I stepped out into the early
Sunday morning gloom, already ominous with the threat of the impending humid
heat that I could feel coming up from the blacktop driveway, to pick up the
paper, and immediately retreated to the cool of the kitchen. I made myself a mug of tea and sat at
the kitchen table with the front page spread before me. The large article that caught my eye
was “Two Classes, Divided by ‘I Do’.” The article is about two mothers of young children in Ann
Arbor, Michigan. The women are
work colleagues and friends. The
author, Jason de Parle, has written very ably about issues of poverty in this
country. In this article he uses
the two women to exemplify some general patterns of contemporary society.
The
gist of the piece is easily summarized in the following two points: (1) stably
married mothers of young children tend to enjoy marked financial and social
advantages over unmarried mothers of young children, and (2) the children of
stably married parents have many advantages that the children of single mothers
often lack. Now as a “news” story
this one strikes me as ranking somewhere between the revelations that the Pope
is Catholic and that bears have hair.
Nonetheless, the Times seems
to present it as a kind of discovery that parallels, on the sociological level,
the isolation of the Higgs boson particle. Its central claims are attested to by “studies”, and blessed
with the confirming opinion of a credentialed academic—a colleague in the
Princeton Sociology Department, as it happens.
There
is very little that is amusing about the crisis of the contemporary American
family or in the hardships inflicted on so many of our children and no small
number of our women. And certainly
there is nothing amusing about the difficulties faced by the unmarried mother
in this story. But I do find it a
little funny, or at least quirkily odd, that the most obvious kind of moral and
economic common sense should be treated as a sociological “discovery”.
Modern
society is complex, and many of the grave problems we face in this country are
interrelated in complicated and sometimes subtle ways. Blanket suggestions for their remedy
are often justly criticized for their simplism. But there is another kind of simplism practiced by many of
our policy gurus and academic intellectuals when they refuse to recognize home
truths that have been the common wisdom of generations. The old home truth that love and
marriage go together like a horse and carriage has not been abrogated by the
disappearance of equine transportation.
According
to Mr. DeParle the illegitimacy rate in this country is now 41%. He does not use the word
“illegitimacy,” of course, which has been banned from the vocabulary as
politically incorrect and “judgmental”.
In fact, it is simply an old legal term reflecting the fact that marriage
has traditionally been one of society’s most fundamental legal contracts. If you prefer “out-of-wedlock”, that’s
fine. The rate of out-of-wedlock
births for black Americans in 2010 was 71%! That is staggering, but according to the article the white
lower middle class is rapidly catching up. The unmarried (white) woman in the Times story had three
children with her unmarried partner before they split. The author laconically reports that she
“has trouble explaining, even to herself, why she stayed so long with a man who
she said earned little, berated her often and did no parenting”. Well, the question does occur to one.
To
judge and to criticize are actually cognate terms, as we see in the phrase
“literary criticism”. A very great
deal of our moral and mental lives consists in judging one thing to be better
or worse than another. Whatever
reluctance there may be to discuss unwed motherhood and deadbeat paternity in a
moral context, let alone in a context illuminated by traditional religious values—that
is, to be (dreaded word!) judgmental--certain
other judgments are inevitably being made. The one chiefly advanced by the Times article is economic.

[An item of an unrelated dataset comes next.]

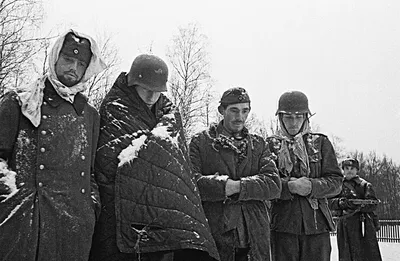 Валенки Кукморские валенки - купить с доставкой по выгодным ценам в  интернет-магазине OZON (1248542198)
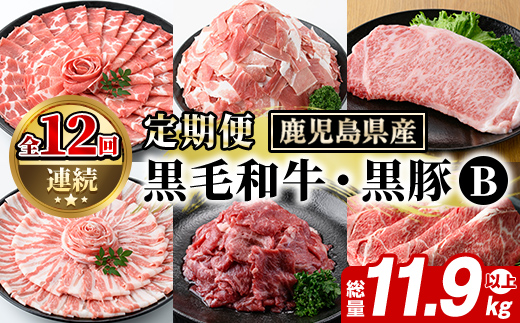 ＜定期便・全12回(連続)＞鹿児島県産 黒毛和牛・黒豚定期便 B (総量約11.9kg以上) 国産 鹿児島県産 黒豚 しゃぶしゃぶ 肩 ロース スライス 訳あり 切り落とし 黒毛和牛 サーロイン ステーキ 黒豚 バラ カタ ウデ 小分け セット 【スターゼン】akn042-36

Single mothers and their offspring are often comparatively, or even
absolutely, poor. We say that two heads are better
than one; two incomes certainly are.
So the widening national “income gap,” already extremely troubling, is
closely related to the phenomenon of single motherhood.
What
is frequently called “cultural capital” is scarcely less important for a young
child’s nurture than is material sufficiency. The huge advantage that comes from spending one’s early
years in a stable family, with two parents cooperatively engaged in the
parenting enterprise, is almost impossible to exaggerate. Such parents read to and with their
children, eat with them, take them on cultural expeditions small and
grand. Comparatively few of us
have trust funds. Most people face
financial necessity to greater or lesser degree, but a stable married couple
has the option of dividing the labors of breadwinning and of homemaking in the
ways most effective for their personal circumstances. All
of this takes time, imagination, and a sacrificial effort motivated by
love. The challenge of addressing
the ravages of what amounts to early cultural bankruptcy is one that has so far
been hardly recognized, let alone engaged. A serious national discussion of such topics as the moral
and social responsibilities of having children is so inimical to our reigning
me-firstism that it is difficult to imagine how it might so much as be set in
motion. But I regard it as one of
the great social follies or delusions of our time to think that any government
program or any public school curricular innovation can provide an effective
solution.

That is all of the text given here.